Claramente que cada uma destas perspectivas
demanda outras abordagens complementares de diferentes áreas do saber, como por
exemplo, a perspectiva antropológica requer as abordagens biológica e cultural.
Assim como não podemos ignorar as abordagens físicas, matemáticas e
linguísticas. Ao colocar as perspectivas entre parênteses, não se trata de
reducionismo, mas de um mero direcionamento, respeitando e considerando a vasta
abrangência epistemológica e fenomenológica que as constitui. O que quero dizer
com isso? Que devemos considerar, em nossa análise sobre as diferentes
perspectivas da verdade, os vários aspectos, que Herman Dooyeweerd chamou de modais[5],
que compõem a realidade.
Tal análise tem como base duas premissas:
A primeira é a de que as respostas das perguntas apontadas nos pontos 1 e 2 nos
levam a Deus. E a segunda é a de que a verdade preconizada por Jesus não é um
conceito, mas uma pessoa: Ele mesmo (Evangelho segundo João 14:6). Elucidarei
sobre elas em outra oportunidade.
Não são as circunstâncias externas que nos
fazem livres. Liberdade consiste em
um indivíduo não ser escravo de si mesmo. É possível você ser livre estando
confinado a uma prisão, e estar preso em cadeias interiores (seja através da
culpa, do ressentimento, da angústia, de traumas do passado, do pecado) vivendo
em um “paraíso”. A busca frenética do ser humano por liberdade é a suma
demonstração de que ele não é livre. Pois buscamos apenas aquilo que ainda não
possuímos. Tal desespero, aliado à obsessão aos nossos instintos e desejos,
leva o ser humano a construir asas repletas de cera. Analisando e
contextualizando a segunda proposta feita pelo Tentador a Jesus, durante a
quarentena de Jesus no deserto, elucidei no livro Culto racional:
“Esta
segunda proposta é feita a nós hoje através do existencialismo, filosofia que
apregoa o “salto de fé”. Ou seja, conforme vimos, é a conduta humana que
abandona a razão e que se pauta unicamente pelos seus instintos e impulsos,
sentido de sua existência. O filósofo alemão Friedrich Nietzsche
define como falsa moral ou moral escrava qualquer artifício usado
para controlar ou coibir os impulsos e instintos humanos. É a morte da
moralidade. Neste mesmo mote, o filósofo francês Jean-Paul Sartre foi o mentor
intelectual da revolução contracultura, em 1968, que apregoou o lema ‘sexo,
drogas e rock´n roll’. O que gerou o crescimento vertiginoso da sexualidade
juvenil e do consumo de drogas ilícitas.”[6]
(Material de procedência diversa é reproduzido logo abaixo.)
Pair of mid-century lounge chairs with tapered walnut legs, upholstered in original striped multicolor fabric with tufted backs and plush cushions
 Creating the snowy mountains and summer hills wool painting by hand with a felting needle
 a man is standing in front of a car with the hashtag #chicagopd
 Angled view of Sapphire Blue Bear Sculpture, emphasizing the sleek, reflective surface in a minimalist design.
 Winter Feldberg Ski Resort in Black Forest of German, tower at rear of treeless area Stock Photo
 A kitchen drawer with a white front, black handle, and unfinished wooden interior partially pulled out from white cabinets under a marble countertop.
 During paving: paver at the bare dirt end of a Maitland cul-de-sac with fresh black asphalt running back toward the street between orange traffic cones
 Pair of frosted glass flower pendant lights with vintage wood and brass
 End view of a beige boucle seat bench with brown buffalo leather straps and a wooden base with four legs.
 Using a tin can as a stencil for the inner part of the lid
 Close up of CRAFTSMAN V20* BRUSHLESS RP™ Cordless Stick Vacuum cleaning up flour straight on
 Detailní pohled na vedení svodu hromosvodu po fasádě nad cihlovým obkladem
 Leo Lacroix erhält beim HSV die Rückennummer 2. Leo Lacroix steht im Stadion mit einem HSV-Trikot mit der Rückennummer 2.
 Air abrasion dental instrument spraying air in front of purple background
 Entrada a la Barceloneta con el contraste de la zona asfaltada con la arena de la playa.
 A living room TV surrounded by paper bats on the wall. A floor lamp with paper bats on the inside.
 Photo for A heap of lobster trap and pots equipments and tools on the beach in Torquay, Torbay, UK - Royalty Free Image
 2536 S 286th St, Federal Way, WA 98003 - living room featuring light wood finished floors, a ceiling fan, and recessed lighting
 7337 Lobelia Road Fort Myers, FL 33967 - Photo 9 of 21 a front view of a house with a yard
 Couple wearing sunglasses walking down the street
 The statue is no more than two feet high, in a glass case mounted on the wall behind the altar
A jornada rumo ao “sol da liberdade em
raios fúlgidos” não gera outra coisa a não ser a queda fatal. Foi o que
elucidou, há milênios, o sábio Salomão: “Há
caminhos que ao homem parecem direitos, mas no fim são caminhos de morte” (Provérbios
16:25). Não voe o voo de Ícaro!
[1] Para saber mais informações sobre
a diferença entre instinto e desejo, leia o livro Culto racional, de minha autoria.
[2] NIETZSCHE, Friedrich. Genealogia do moral: uma polêmica. São
Paulo: Companhia das letras, 2009, p. 45.
[3] Para maiores detalhes, veja o
livro Cristianismo puro e simples, de C. S. Lewis.
[4] TOZER, A. W. Dia a dia com Tozer. Curitiba: Publicações Pão Diário, 2016, p.
101.
[5] DOOYEWEERD, Herman. No crepúsculo do pensamento: Estudos
sobre a pretensa autonomia do pensamento científico. São Paulo: Hagnos, 2010,
p. 53-54.
[6] VIANA, Matheus. Culto racional: A interação entre as
razões divina e humana. Ribeirão Preto: Legis Summa, 2016, p. 131.